# Assignment 5

Build CNN model for sentiment analysis (binary classification) of IMDB Reviews (https://www.kaggle.com/utathya/imdb-review-dataset).
You can use data with label="unsup" for pretraining of embeddings. Here you are forbidden to use test dataset for pretraining of embeddings.  
Your quality metric is accuracy score on test dataset. Look at "type" column for  train/test split.  
You can use pretrained embeddings from external sources.  
You have to provide data for trials with different hyperparameter values.  
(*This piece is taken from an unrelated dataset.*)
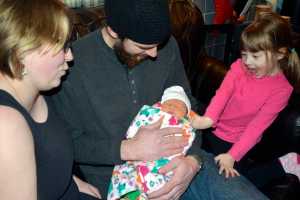 Photo by Dan Balmer/Peninsula Clarion JoAnna Ray Hadassah Chatham, born on Jan. 2, was the first baby born at Central Peninsula Hospital in 2015. JoAnna is the second child for Issac and Amber Chatham of Soldotna. Their firstborn daughter Mary-Katherine Chatham, 4, is on the right.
You have to beat following baselines:  
[3 points] acc = 0.75  
[5 points] acc = 0.8  
[8 points] acc = 0.9  

[2 points] for using unsupervised data  

In [16]:
import pandas as pd
df = pd.read_csv('imdb_master.csv', sep=',', engine='python')
df.head()

Unnamed: 0.1,Unnamed: 0,type,review,label,file
0,0,test,Once again Mr. Costner has dragged out a movie...,neg,0_2.txt
1,1,test,This is an example of why the majority of acti...,neg,10000_4.txt
2,2,test,"First of all I hate those moronic rappers, who...",neg,10001_1.txt
3,3,test,Not even the Beatles could write songs everyon...,neg,10002_3.txt
4,4,test,Brass pictures (movies is not a fitting word f...,neg,10003_3.txt


In [17]:
import nltk
import re
from nltk.stem import WordNetLemmatizer 
from nltk.corpus import stopwords
stoplist = stopwords.words('english')
nltk.download('punkt')
lemmatizer = WordNetLemmatizer() 

toks = []
reviews = []
for r in df['review']:
    tokens = nltk.word_tokenize(r)
    l = []
    for t in tokens:
        tnew = t.lower()
        tnew = re.sub(r'[^\w\s]','',tnew)
        if tnew not in stoplist:
            l.append(lemmatizer.lemmatize(tnew))
    toks.append(l)
    reviews.append(' '.join(l))

df['review'] = reviews
df['tokens'] = toks


df = df.drop(columns=['Unnamed: 0', 'file'])


negs = []
poss = []
unsup = []
ls = []
for l in df['label']:
    if l == 'neg':
        negs.append(1)
        poss.append(0)
        unsup.append(0)
    elif l == 'pos':
        negs.append(0)
        poss.append(1)
        unsup.append(0)
    elif l == 'unsup':
        negs.append(0)
        poss.append(0)
        unsup.append(1)
df['neg'] = negs 
df['pos'] = poss 
df['unsup'] = unsup 

df.head()

[nltk_data] Downloading package punkt to
[nltk_data]     /Users/mariaignasina/nltk_data...
[nltk_data]   Package punkt is already up-to-date!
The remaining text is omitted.